Oireachtas Joint and Select Committees

Wednesday, 19 May 2021

Joint Oireachtas Committee on Jobs, Enterprise and Innovation

Online Content Moderation and Reactivation of Economy: Discussion

Photo of Róisín GarveyRóisín Garvey (Green Party) | Oireachtas source

I will try to keep it general. On tradespeople and apprenticeships, we will need a huge number of tradespeople if we are serious about the move towards building, with Rebuilding Ireland, and retrofitting homes. I worry about the lack of tradespeople. I spoke to a builder recently who informed me that tradespeople are becoming known as "grey sites" because they all have grey hair. I recently visited a school, and not one of the children put up their hand when I asked who wanted to be a tradesperson. We need to do some serious work on this. We need to make apprenticeships more attractive. I wish I had been told to marry a tradesman when I was in school because tradespeople are the ones who keep everything on the road.

I do not know whether we need to issue a PR statement or something around the importance of tradesmen. They are literally keeping everything we do together, whether it is buildings, transport or whatever. Where would we be without tradesmen? I do not know whether they are valued as much as they ought to be and I think we need to do something around that. We lost a good few tradespeople in the previous recession. Some of them are in Australia or Canada or such places. It may be time to consider calling them back, as was done for nurses and doctors. We will have a shortage of tradespeople to do the work we want done. We want to get houses built and retrofitted. I ask the Tánaiste to think about that and consider what can be done. The apprenticeship model must include time in college so that even people from rural areas who want to become a tradesperson get time experiencing college life and living away from home and that kind of thing. The job itself has changed in many ways. I am going to move away from apprenticeships and the importance of tradesmen. I should say tradespeople. I have female friends who are carpenters and so on but I was reared saying tradesmen. However, we have to consider tradespeople if we are serious about what we want to do.

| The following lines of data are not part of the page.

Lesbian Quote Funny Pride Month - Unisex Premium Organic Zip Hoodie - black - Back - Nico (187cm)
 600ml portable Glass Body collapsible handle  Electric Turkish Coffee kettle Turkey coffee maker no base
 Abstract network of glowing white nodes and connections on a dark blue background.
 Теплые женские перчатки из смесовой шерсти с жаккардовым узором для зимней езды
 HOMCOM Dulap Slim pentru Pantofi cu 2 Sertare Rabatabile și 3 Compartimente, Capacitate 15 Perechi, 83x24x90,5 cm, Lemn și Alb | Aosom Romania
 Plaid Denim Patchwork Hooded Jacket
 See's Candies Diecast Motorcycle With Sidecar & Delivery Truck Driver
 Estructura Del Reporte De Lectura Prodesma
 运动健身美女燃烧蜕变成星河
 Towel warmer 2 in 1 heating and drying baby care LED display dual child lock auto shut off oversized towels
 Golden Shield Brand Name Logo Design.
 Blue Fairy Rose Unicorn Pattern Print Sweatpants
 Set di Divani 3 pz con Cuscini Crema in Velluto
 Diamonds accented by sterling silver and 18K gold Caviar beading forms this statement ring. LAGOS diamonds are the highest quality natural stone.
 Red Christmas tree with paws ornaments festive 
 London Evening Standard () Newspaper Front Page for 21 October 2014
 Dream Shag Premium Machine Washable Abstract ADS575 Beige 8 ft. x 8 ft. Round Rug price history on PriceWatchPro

An issue I wish to raise with the Tánaiste relates to the public realm and how space is shared, particularly in the context of the food and hospitality sector. There is a need for local authorities to create outdoor spaces, not necessarily outdoor dining but outdoor seating and other outdoor spaces such that if a person wishes to sit down and eat something, whether he or she bought it from a restaurant with seating or a restaurant without seating or whatever, he or she can do so. We really need to consider the public realm. I think that will not be done properly unless there are urban designers or urban architects in local authorities. I mean no offence to road engineers and technicians and quantity surveyors. They are brilliant at their jobs but this task is not part of their profession. We really need to look at that issue because we want to become like the rest of Europe, where it is normal for villages and towns to have beautiful, safe and aesthetically pleasing places to hang out. We get the same amount of rainfall as Copenhagen and Amsterdam. People speak about the weather a lot but it is not as bad as many people think. We need to consider that. It will not work if we do not get proper urban designers. We cannot leave it on the shoulders of people who have been trained as road engineers. That is really important if we want to get outdoor everything right, which we do because, as a nation, we went outdoors and realised it is bloody amazing. It is really important to do that.